REKAMAN percakapan Antasari-Anggoro bak menambah ”peluru” polisi untuk ”menembak” Komisi Pemberantasan Korupsi. Bukan rahasia lagi, dalam beberapa bulan terakhir ini hubungan kedua instansi penegak hukum itu memanas. Keduanya saling intip untuk ”menangkap” petingginya yang dinilai bertindak melanggar hukum. April lalu, misalnya, KPK dikabarkan nyaris menangkap tangan seorang petinggi kepolisian lantaran diduga akan menerima suap.

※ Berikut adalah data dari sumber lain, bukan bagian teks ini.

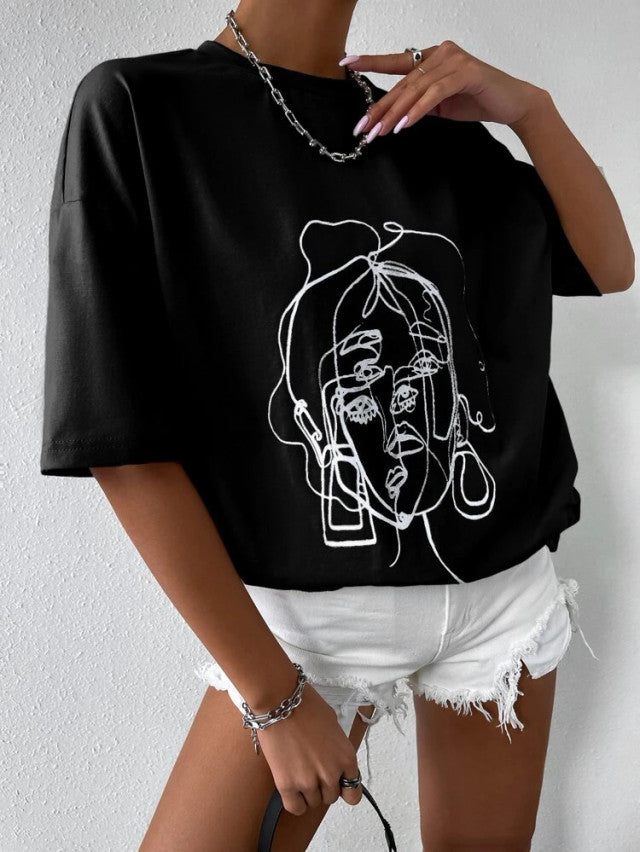 Fifth Avenue DIFT514 Boyfriend Oversized Fit Figure Printed Womens T-Shirt - Black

Hubungan memburuk itu mulai terlihat jelas pada saat kepolisian, Juni lalu, memeriksa Wakil Ketua KPK Bidang Penindakan Chandra Hamzah. Chandra diperiksa lantaran, menurut pengakuan Antasari, ia telah menyuruh koleganya itu menyadap telepon genggam milik Rhani Juliani, istri Nasrudin, Direktur PT Putra Rajawali Banjaran yang tewas ditembak pada 14 Maret lalu. Saat itu santer beredar kabar bahwa Chandra bakal terseret ke dalam kasus kematian Nasrudin. Dia disebut telah melanggar prosedur penyadapan karena menyadap nomor telepon yang belum jelas kasus korupsinya.

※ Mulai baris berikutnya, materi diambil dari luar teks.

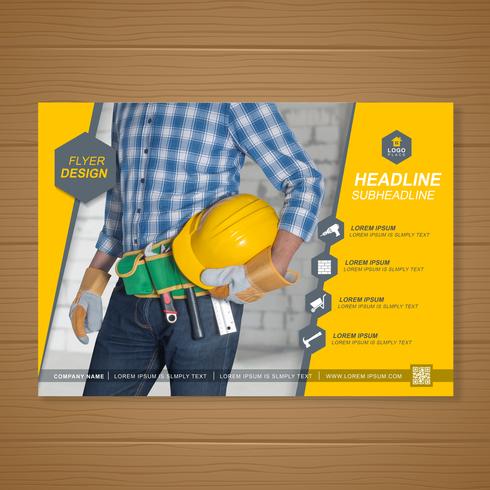Las herramientas de construcción cubren la plantilla a4 para un informe y diseño de folleto, folleto, pancarta, decoración de folletos para la ilustración de impresión y presentación de vectores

Permusuhan antara kepolisian dan KPK makin panas ketika Kepala Badan Reserse Kriminal Mabes Polri Susno Duadji tiba-tiba mengeluarkan pernyataan yang menuduh ada lembaga yang telah sewenang-wenang menyadap telepon genggamnya. ”Saya tidak sebut lembaganya, tapi saya tahu telepon saya disadap,” ujarnya ketika diwawancarai Tempo pada awal Juli lalu. Saat itu, Susno bahkan mengibaratkan lembaganya dan lembaga yang mencoba-coba mencari kesalahannya itu bagaikan buaya dan cicak (Tempo, 6 Juli 2009).
Menurut sumber Tempo, sebetulnya Komisi Pemberantasan Korupsi tidak sengaja menyadap Susno. Ketika itu KPK sedang menyadap telepon genggam seseorang sehubungan dengan kasus Bank Century yang sedang ditangani Bareskrim. ”Tiba-tiba suara Susno masuk,” ujarnya. Dalam percakapan itu, kata dia, terdengar suara Susno berkata, ”Satu-dua surat gampang saya keluarkan.” Kemudian terdengar suara lelaki berkata, ”Adalah buat Pak Susno 10.”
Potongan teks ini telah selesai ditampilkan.